**DATA TO EXAMINE:**
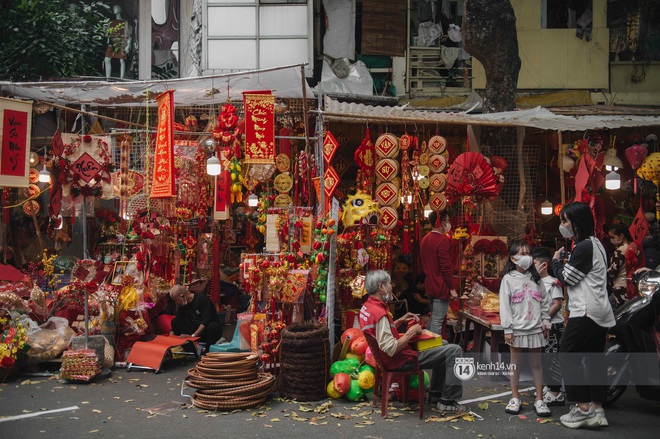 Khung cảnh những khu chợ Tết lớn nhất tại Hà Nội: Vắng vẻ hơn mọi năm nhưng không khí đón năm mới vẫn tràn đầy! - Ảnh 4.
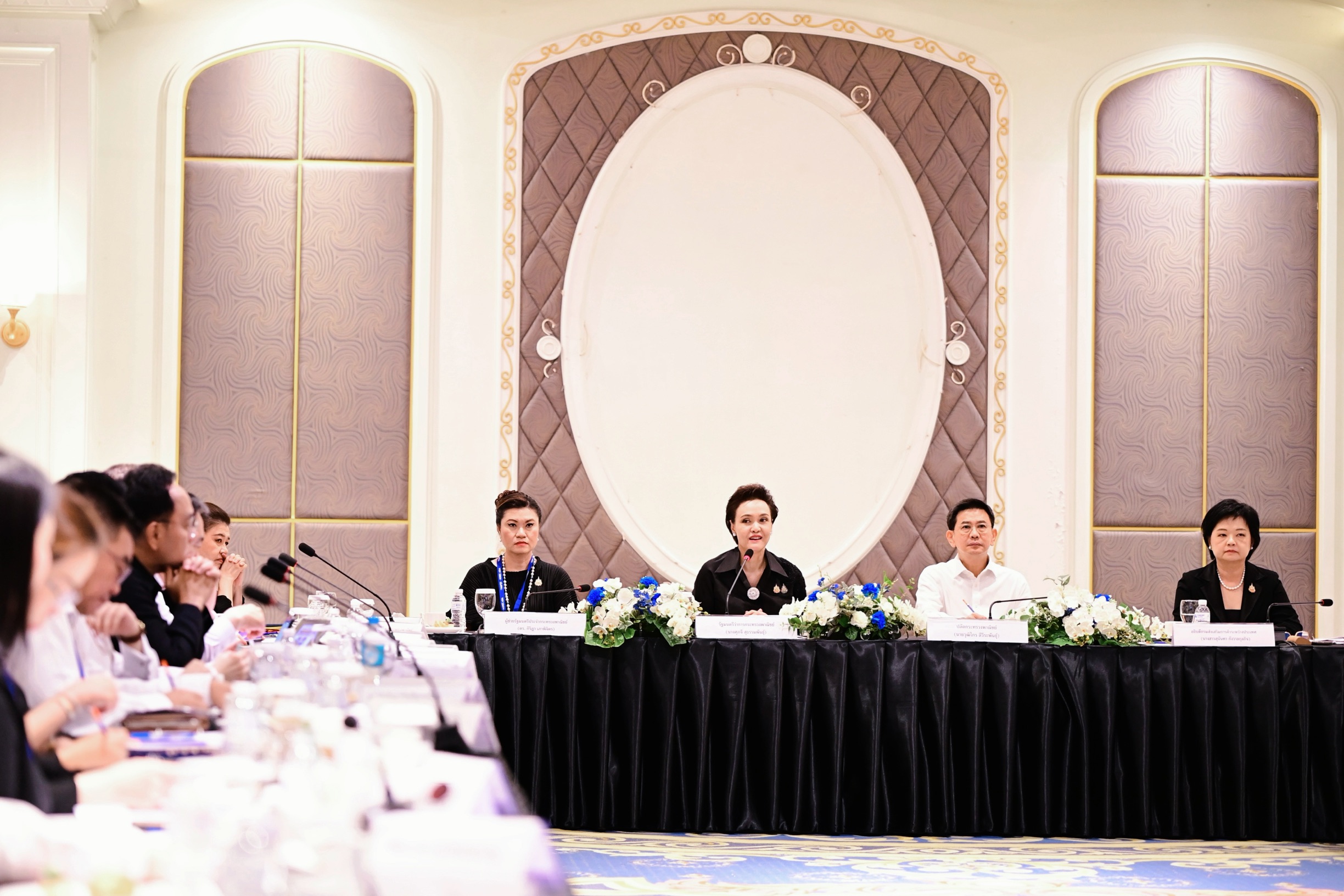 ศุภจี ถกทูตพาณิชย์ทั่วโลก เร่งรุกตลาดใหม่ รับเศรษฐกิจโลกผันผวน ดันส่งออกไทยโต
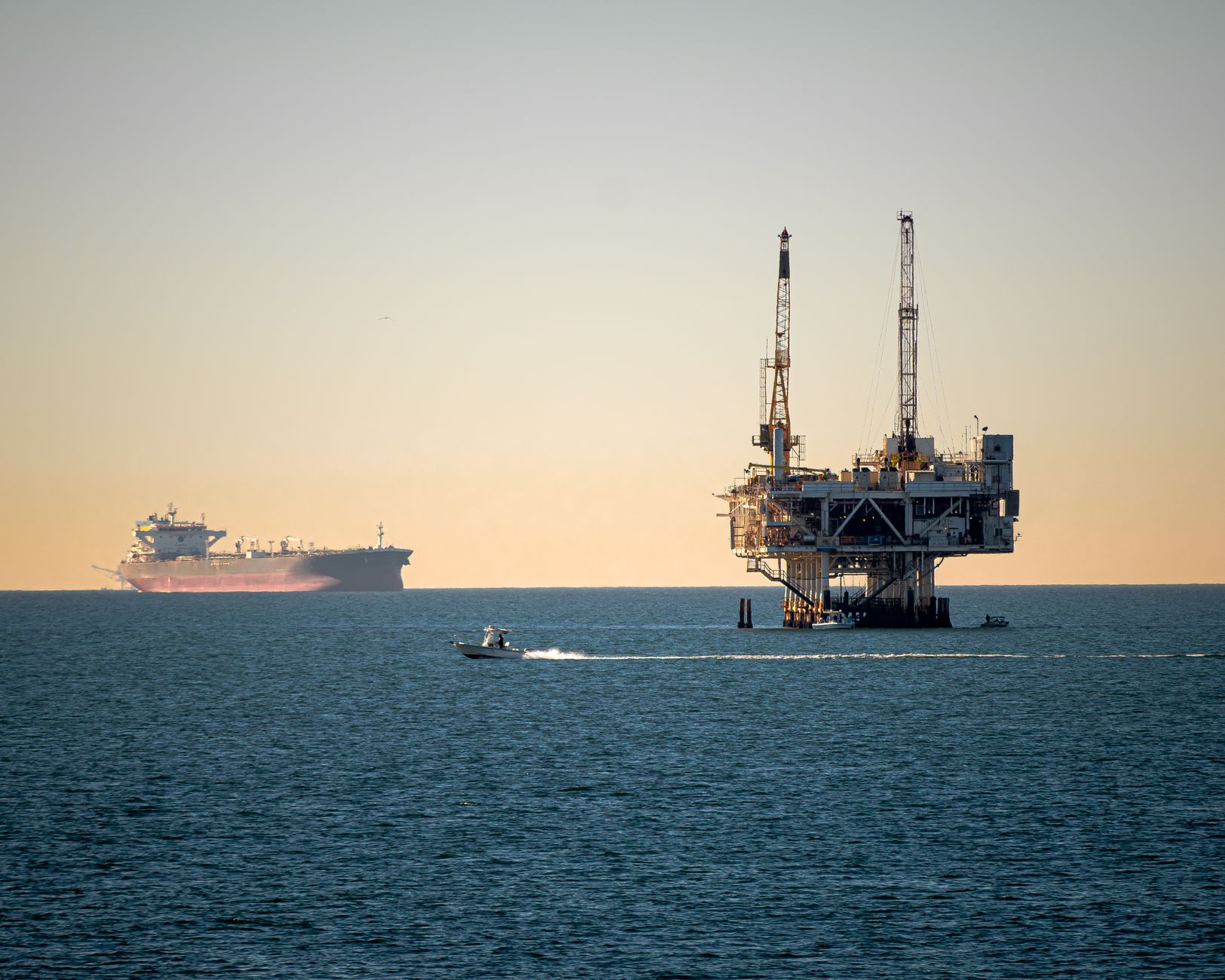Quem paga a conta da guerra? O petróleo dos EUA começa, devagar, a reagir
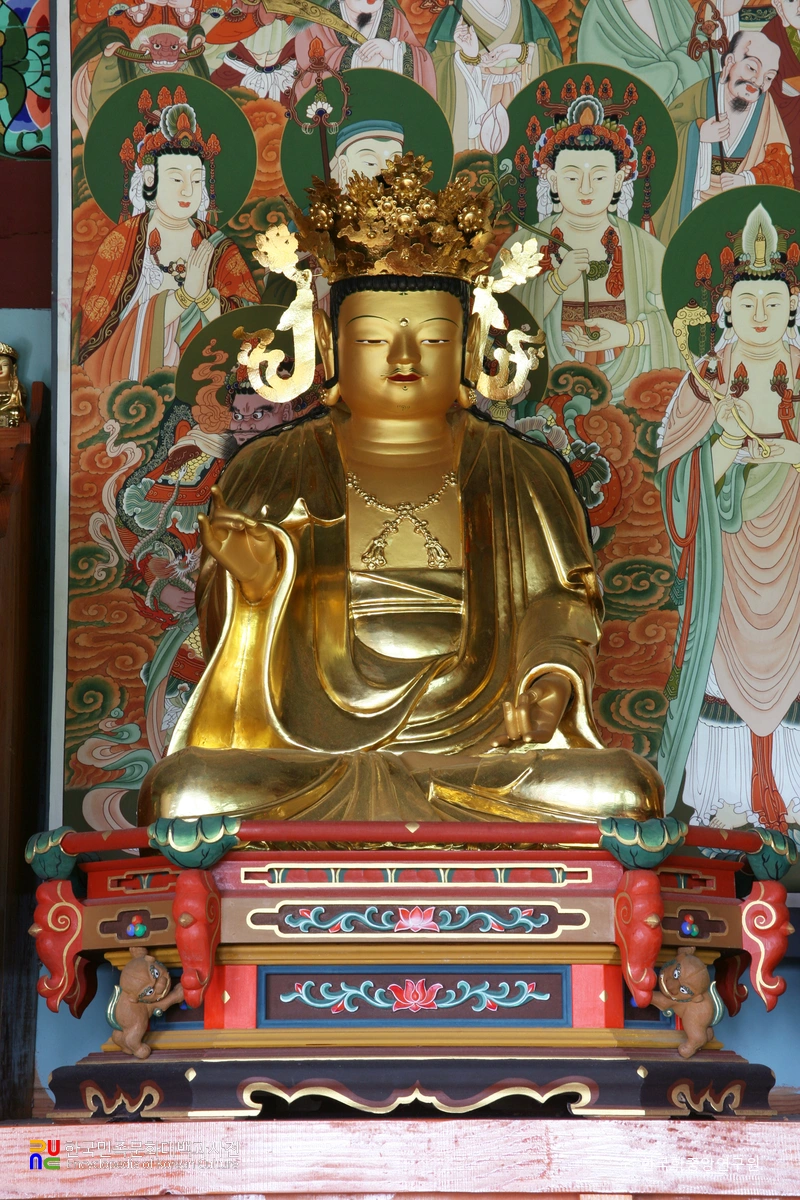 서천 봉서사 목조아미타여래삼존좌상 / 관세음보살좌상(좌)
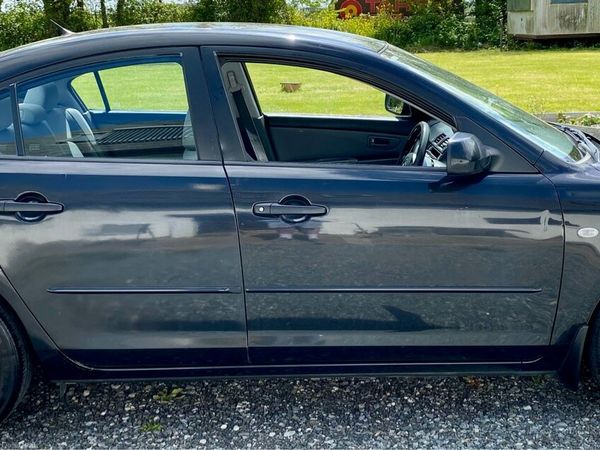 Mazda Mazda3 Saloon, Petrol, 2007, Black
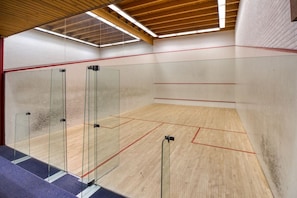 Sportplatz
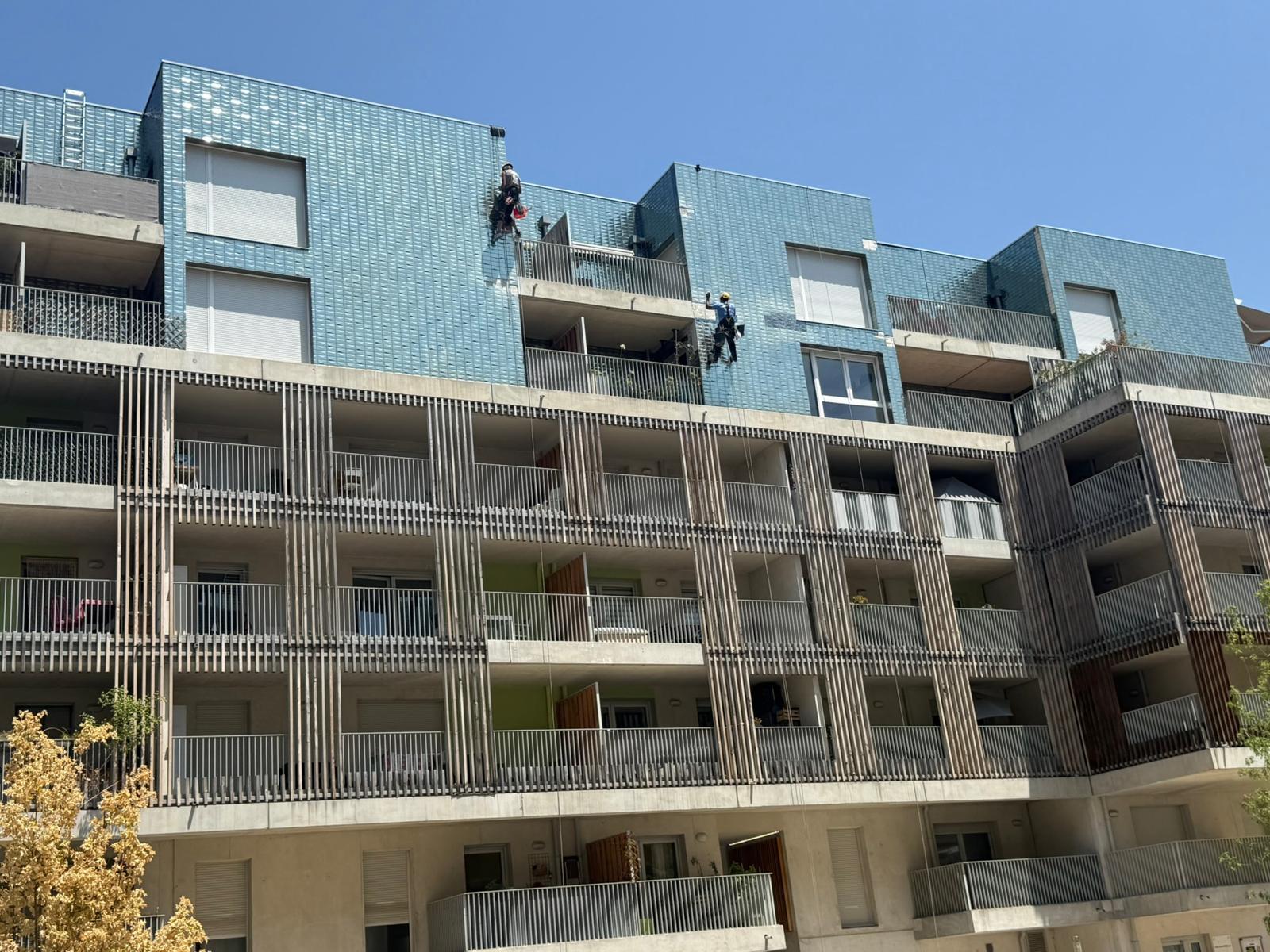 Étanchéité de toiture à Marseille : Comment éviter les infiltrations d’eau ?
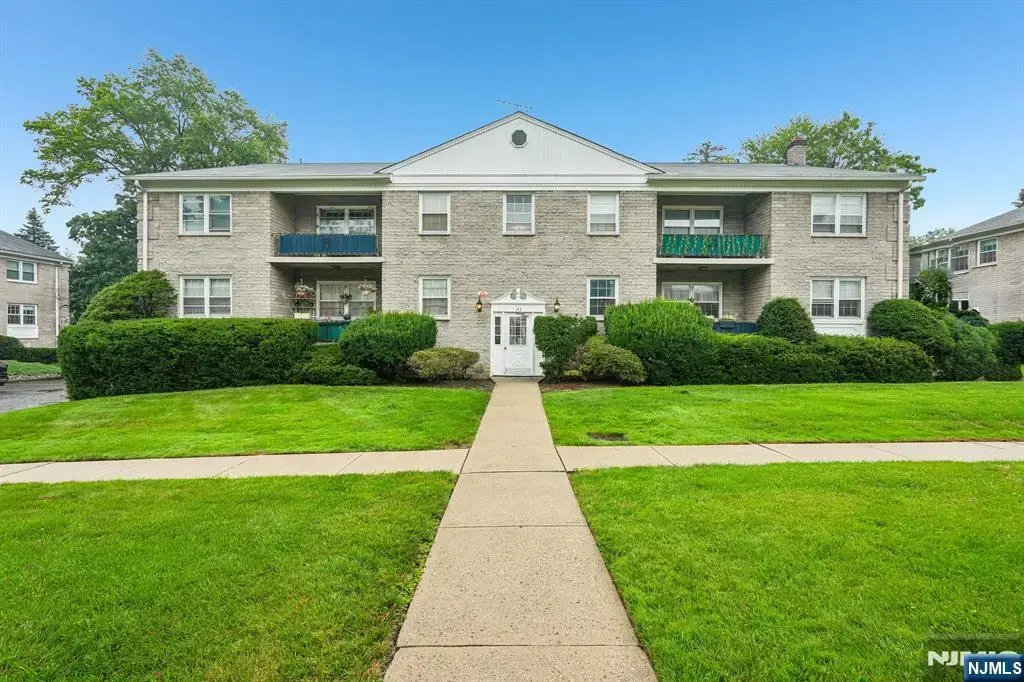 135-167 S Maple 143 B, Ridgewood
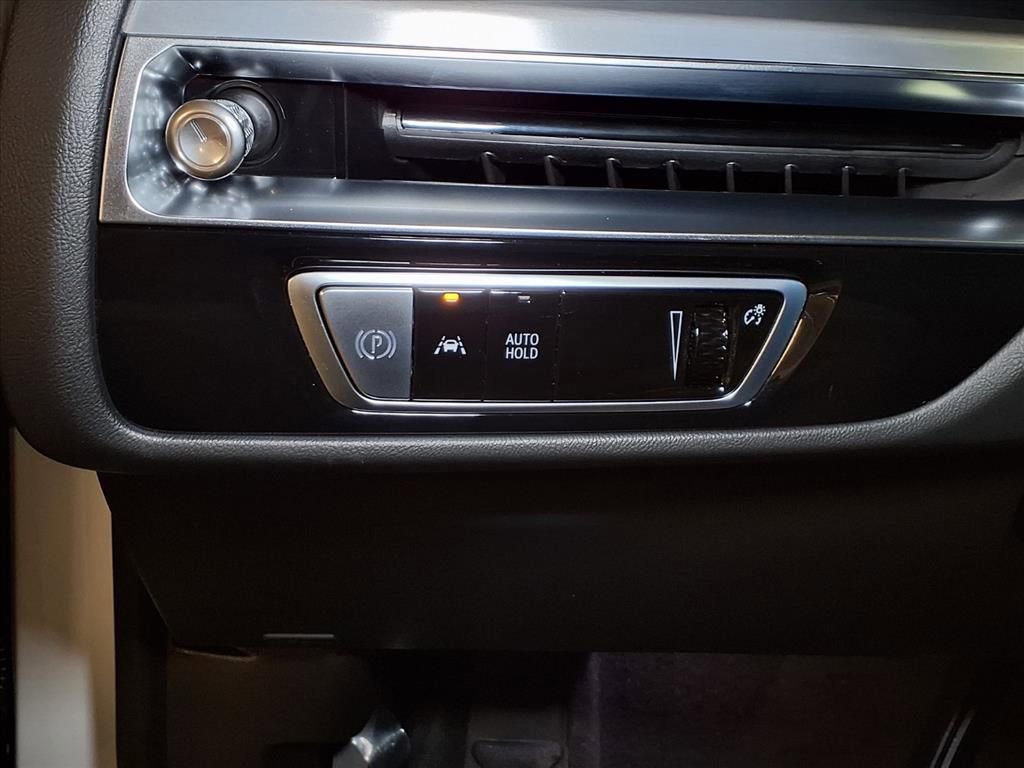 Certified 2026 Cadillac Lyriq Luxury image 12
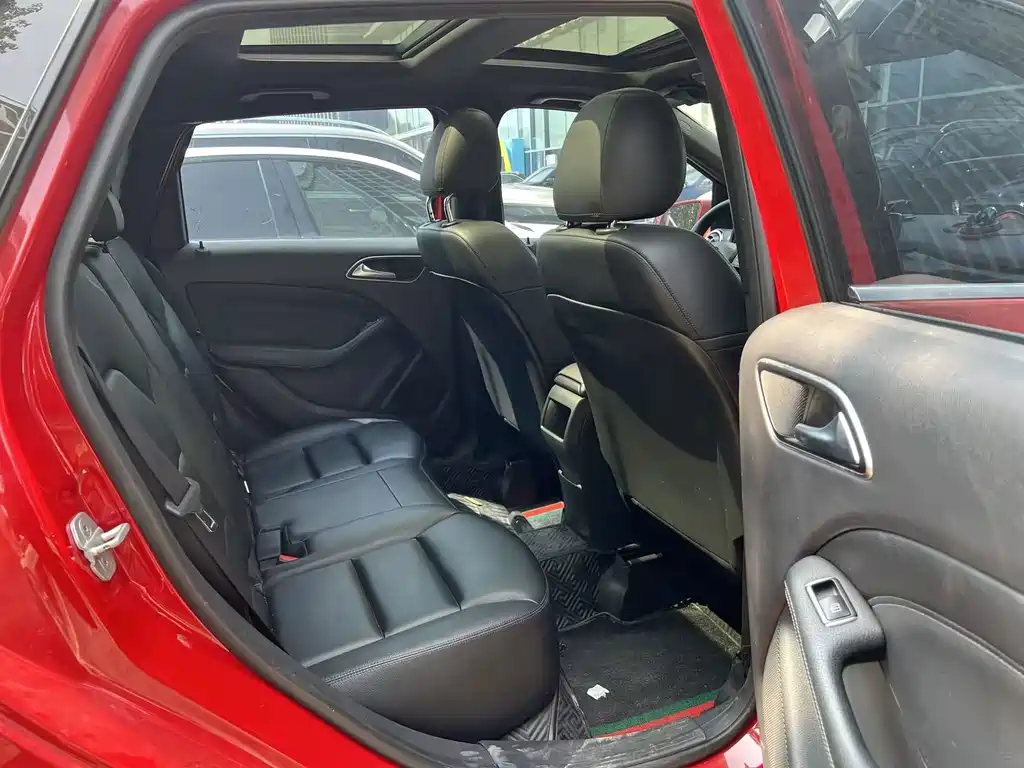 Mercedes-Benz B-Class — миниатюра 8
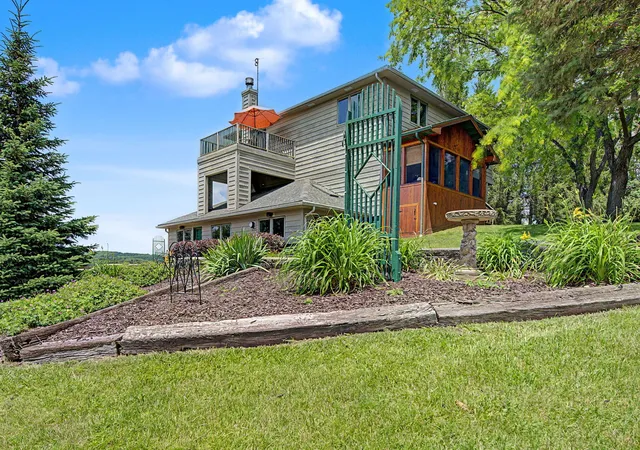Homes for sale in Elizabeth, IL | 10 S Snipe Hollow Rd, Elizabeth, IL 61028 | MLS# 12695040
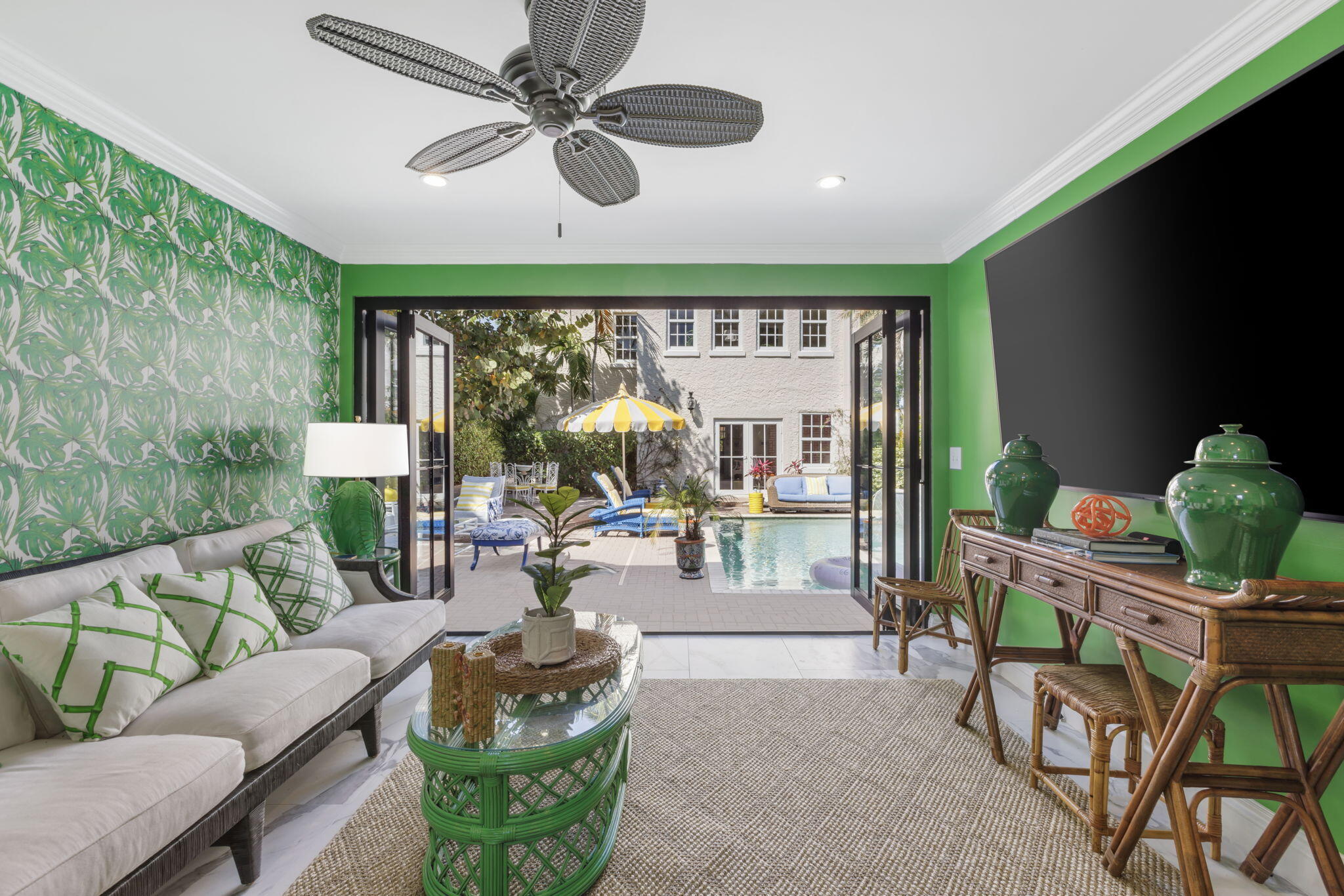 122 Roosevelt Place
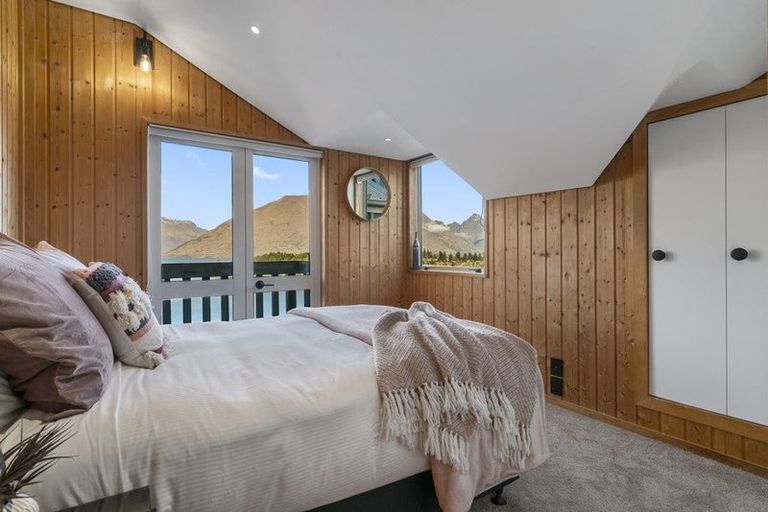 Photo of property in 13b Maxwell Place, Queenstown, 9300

**PROBLEM STATEMENT:** What you return must match the material above exactly, minus its pictures.

**TASK RESULT:**
 Khung cảnh những khu chợ Tết lớn nhất tại Hà Nội: Vắng vẻ hơn mọi năm nhưng không khí đón năm mới vẫn tràn đầy! - Ảnh 4.
 ศุภจี ถกทูตพาณิชย์ทั่วโลก เร่งรุกตลาดใหม่ รับเศรษฐกิจโลกผันผวน ดันส่งออกไทยโต
Quem paga a conta da guerra? O petróleo dos EUA começa, devagar, a reagir
 서천 봉서사 목조아미타여래삼존좌상 / 관세음보살좌상(좌)
 Mazda Mazda3 Saloon, Petrol, 2007, Black
 Sportplatz
 Étanchéité de toiture à Marseille : Comment éviter les infiltrations d’eau ?
 135-167 S Maple 143 B, Ridgewood
 Certified 2026 Cadillac Lyriq Luxury image 12
 Mercedes-Benz B-Class — миниатюра 8
Homes for sale in Elizabeth, IL | 10 S Snipe Hollow Rd, Elizabeth, IL 61028 | MLS# 12695040
 122 Roosevelt Place
 Photo of property in 13b Maxwell Place, Queenstown, 9300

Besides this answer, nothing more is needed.